Он медленно рассуждал:

-- И потом, не понимаю... Ну хорошо: обвенчавшись в Москве в июле, неприлично родить в Москве в сентябре,-- так... Но почему, обвенчавшись в Киеве в июле, прилично привести в Москву в январе трехмесячного ребенка,-- этого, извини, я не могу взять в разумение... Что же, ты его за новорожденного, что ли, будешь показывать? Так -- не слепые! Кто же поверит? Да уж если ты так боишься сплетников, то, конечно, найдутся охотники высчитать, что и для новорожденного тебе -- с июльской до свадьбы -- не хватает еще целых трех месяцев...

Я резко прервала:

-- Если мой срок кажется тебе мал, я готова просидеть -- где там выберем место -- и девять месяцев, и год, и два... Не все ли мне равно? Брат с осени, наверное, директор в какой-нибудь Вологде или Пензе. Мне, значит, так ли, не так, предстоит перестраивать свою жизнь. А заняться этим в Киеве или Харькове для меня даже гораздо удобнее, чем в Москве.

-- Для тебя! Для тебя!-- вскричал он, нервно заходив по комнатушке. -- Да пойми же ты, ради Бога, повторяю, что я-то, я-то не могу оставить Москву!.. Раз будет семья, моя обязанность содержать ее. Я должен буду вдвое-втрое работать против того, что теперь. Ты думаешь, я не рад был бы тоже бросить все -- и, куда ты, туда я, покуда ты там, потуда и я? Да нельзя, Лили! Крылья коротки. Меня Москва кормит. И никакой город в мире не в состоянии так кормить меня, как Москва...

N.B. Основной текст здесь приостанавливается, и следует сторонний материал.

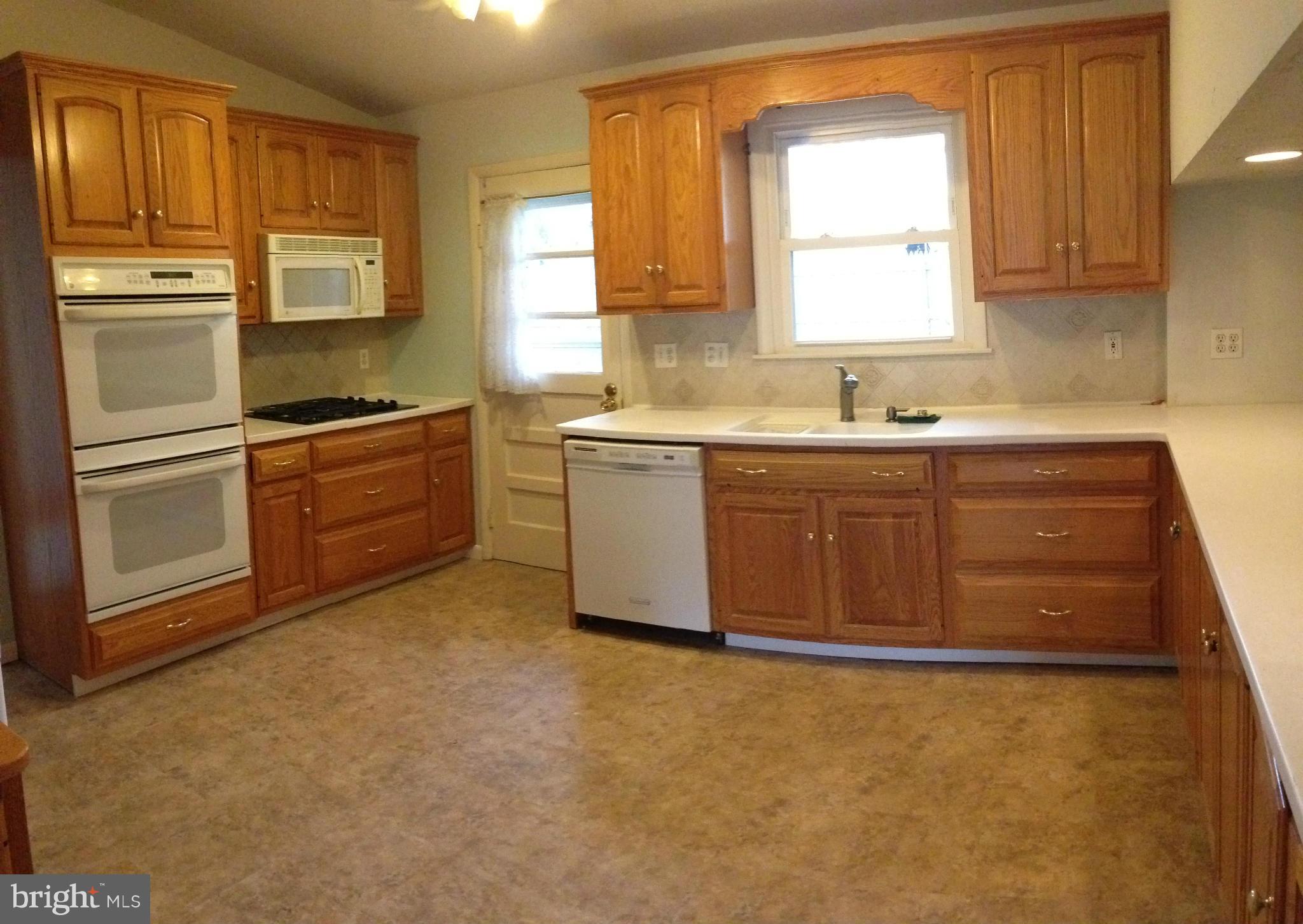 1616 Hopefield Road Silver Spring, MD 20905 - Photo 6 of 22 a kitchen with stainless steel appliances granite countertop a stove a sink and a refrigerator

-- А не воображение ли это? Ты же сам говорил мне, что по своей должности в конторе получаешь гроши?

Он пренебрежительно отмахнулся головой и рукой.

-- Э! Что моя должность в конторе! Для прилику ее держусь. Дай мне еще несколько лет работы, так я, пожалуй, эту контору, если захочу, осилю за себя взять, а в компаньоны-то и теперь гожусь, кабы хотел рисковать и видел бы выгоды... Не в конторе мои дела, Лили, а в кредитных операциях. В клиентах. От них я уехать не могу. Помнишь, ты сколько раз уцивлялась, что твои три тысячи, которые ты мне поручила, дают тебе хороший доход...

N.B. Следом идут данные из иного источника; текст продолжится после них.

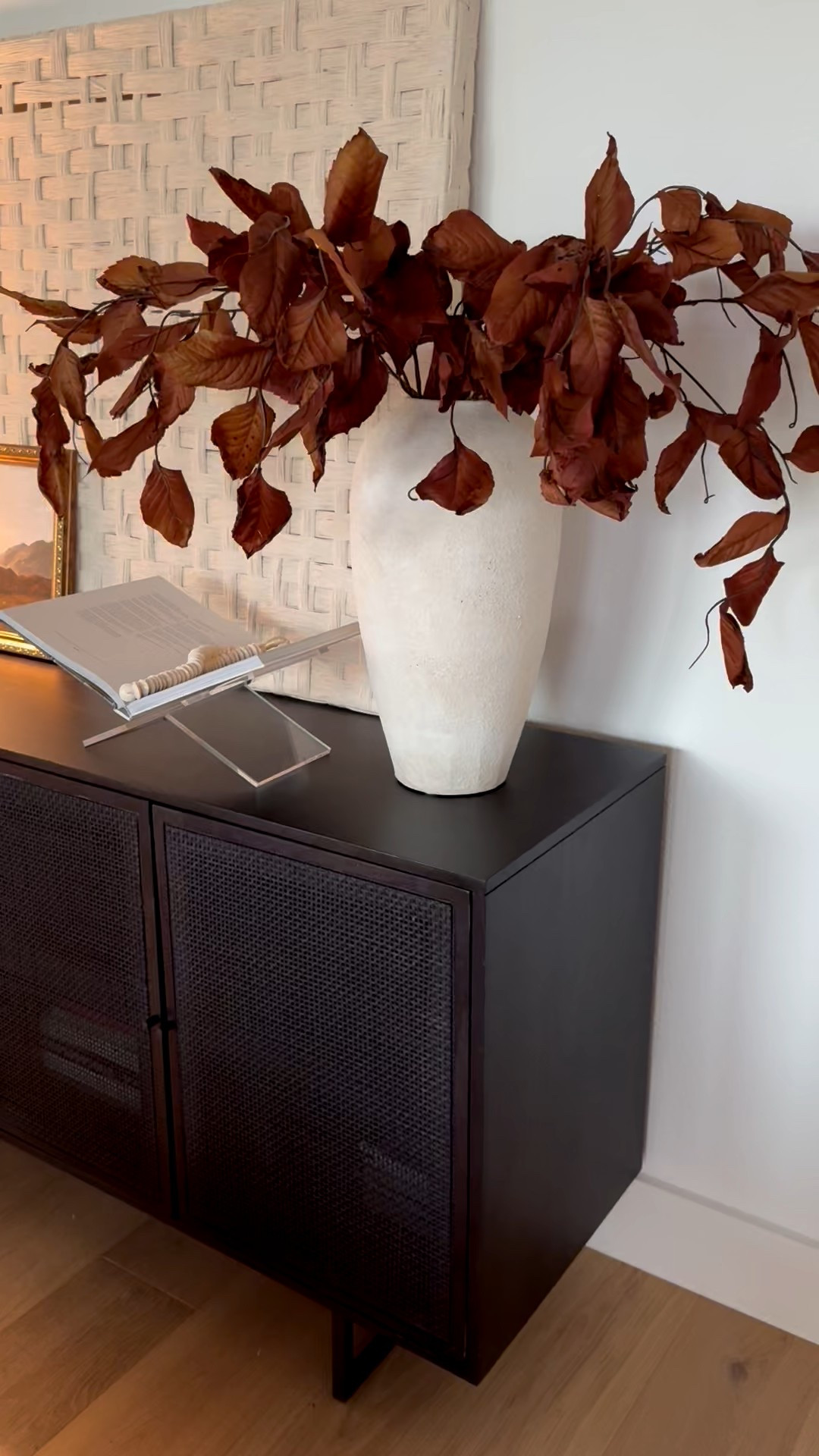 Little touches of fall. Added fall stems + a fall candle + fall art. Mt stems are sold out online but I’ll link some similar ones. 

Brown fall stems, console stying, affordable fall decor, white vase, cozy fall vines, warm and cozy, organic modern, natural elements, realistic fall stems, black console, table lamp, book stand, 

#LTKHome #LTKSeasonal #LTKFindsUnder50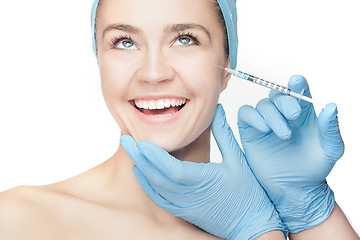 Image showing Attractive woman at plastic surgery with syringe in her face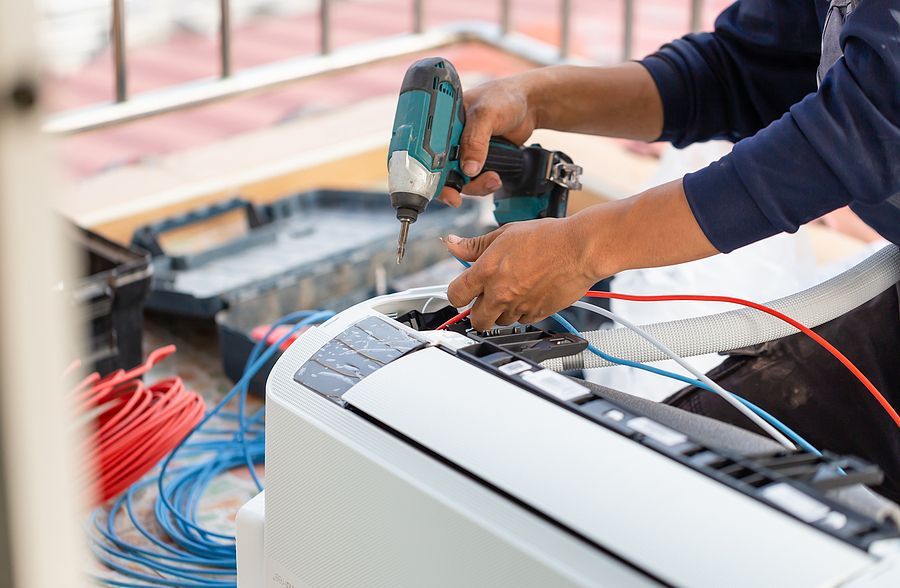 A man is fixing an air conditioner with a drill.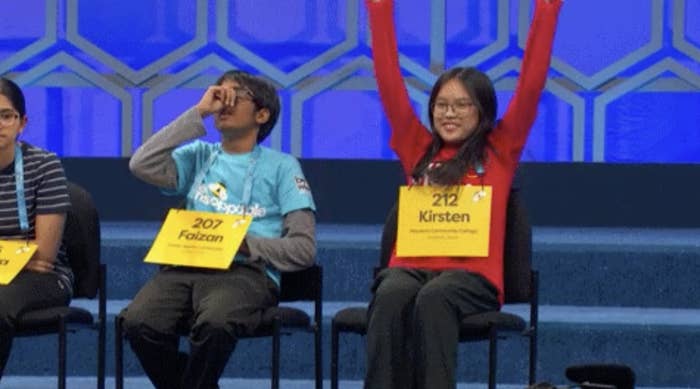 Participants Faizan (left) and Kirsten (right) at a spelling bee, with Kirsten raising her arms in celebration. Both wear numbered name tags indicating their names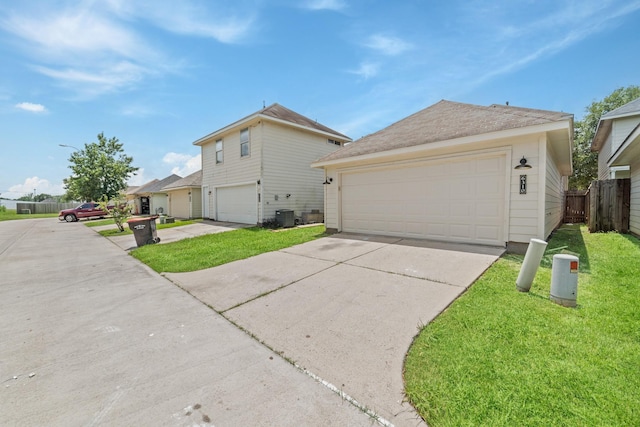 6310 Mountain Pines Ln, Katy, TX 77449 - view of side of home featuring a garage and concrete driveway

-- Даже слишком. Все, кому я говорю, находят невероятным.

Он бросил быстрый взгляд из-под нахмуренных бровей.

-- Все? А ты многим говоришь?

-- Нет, но близким -- например, брату Павлу... ну, Элле Левенстьерн... отчего же нет? Разве нельзя?

Он качал головою с неодобрением.

-- Лучше бы не надо.

-- Почему?

-- Сама же ты боишься огласки пуще всего, а даешь предлог для разговоров...

-- Поверенного по своим делам иметь, кажется, никому не запрещается? Не могу же я сама!..

Он усмехнулся.

-- Да, моих дел ты никак не могла бы делать сама...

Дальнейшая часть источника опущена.